#dev 2021-07-21

2021-07-21 UTC
sp1ff and KartikPrabhu joined the channel
#
vikanezrimaya
question: do your webmention endpoints set a custom user-agent header when fetching replies for verification?
#
vikanezrimaya
yay, my webmention endpoint prototype can correctly generate an update command for Micropub! the only thing left is sending it to the endpoint
#
Loqi
yay!
#
vikanezrimaya
and here I need to make a decision - the endpoint should probably support being used for multi-website setups, and as such I will need to enable Kittybox (the main software) to issue an all-powerful token to the webmention endpoint so it could interact with all the websites hosted on a single Kittybox instance
#
vikanezrimaya
I got a security vulnerability. More like, a huge hole in the wall right next to the locked door.
#
vikanezrimaya
I forgot to check that the user updating or deleting a post matches the post author!!!

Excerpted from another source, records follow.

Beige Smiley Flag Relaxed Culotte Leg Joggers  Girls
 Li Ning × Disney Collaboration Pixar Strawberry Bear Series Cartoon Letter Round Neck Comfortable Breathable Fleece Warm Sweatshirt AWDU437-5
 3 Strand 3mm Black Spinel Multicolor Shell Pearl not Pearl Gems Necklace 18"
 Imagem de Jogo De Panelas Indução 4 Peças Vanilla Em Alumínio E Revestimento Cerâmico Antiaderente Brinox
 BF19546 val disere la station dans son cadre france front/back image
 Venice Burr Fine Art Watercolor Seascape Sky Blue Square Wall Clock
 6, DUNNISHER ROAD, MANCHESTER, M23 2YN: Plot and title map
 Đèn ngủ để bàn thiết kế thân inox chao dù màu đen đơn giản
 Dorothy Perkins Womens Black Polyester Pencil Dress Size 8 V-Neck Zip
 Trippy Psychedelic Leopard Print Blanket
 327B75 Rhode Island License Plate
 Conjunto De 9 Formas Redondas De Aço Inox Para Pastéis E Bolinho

shoesNsocks1 and [schmarty] joined the channel
#
vikanezrimaya
Yeah. In current version, if you manage to register another website on the instance and gain a token for it, you can do action=delete&url=https://fireburn.ru/posts/something to delete my posts!
#
vikanezrimaya
Thankfully there'
#
vikanezrimaya
s only 5 lines of code needed to fix it... and also 5 lines of code to add support for an internal token that bypasses this restriction
#
[schmarty]
the trouble with (mega)tokens
#
vikanezrimaya
Obviously the token needs to be kept safe
#
vikanezrimaya
anyway I now check that `user.me` matches the URL-to-be-deleted's origin (because Kittybox is supposed to control the / of the website, it's a reasonable assumption)
#
vikanezrimaya
if they don't match, it gives a 403
#
vikanezrimaya
Wow. designing software that's secure against a malicious fellow user is hard!
#
vikanezrimaya
it's a nice learning experience tho
#
vikanezrimaya
and i've added a unit test to prevent such a failure from occuring in the futures
#
vikanezrimaya
And all of that happened because the scope checking code was a straight port from the older version that was not designed with multi-user support in mind
alex11, Jh7579, [pfefferle], capjamesg and [tw2113_Slack_] joined the channel
#
Loqi
ok, I added "https://whoosh.readthedocs.io/en/latest/intro.html" to the "See Also" section of /search https://indieweb.org/wiki/index.php?diff=76467&oldid=76409
hendursa1, Harry1, [pfefferle] and capjamesg joined the channel
#
vikanezrimaya
Whoosh, huh. Sounds neat.
#
capjamesg
Anyone doing search for a blog should check our sqlite's full text search. It's so powerful.
#
capjamesg
I was thinking of moving to elasticsearch but that was going to be a big hassle. elasticsearch would provide me with a bit more control over weights until I found out sqlite's full text search 5 supports weights via the BM25 algorithm.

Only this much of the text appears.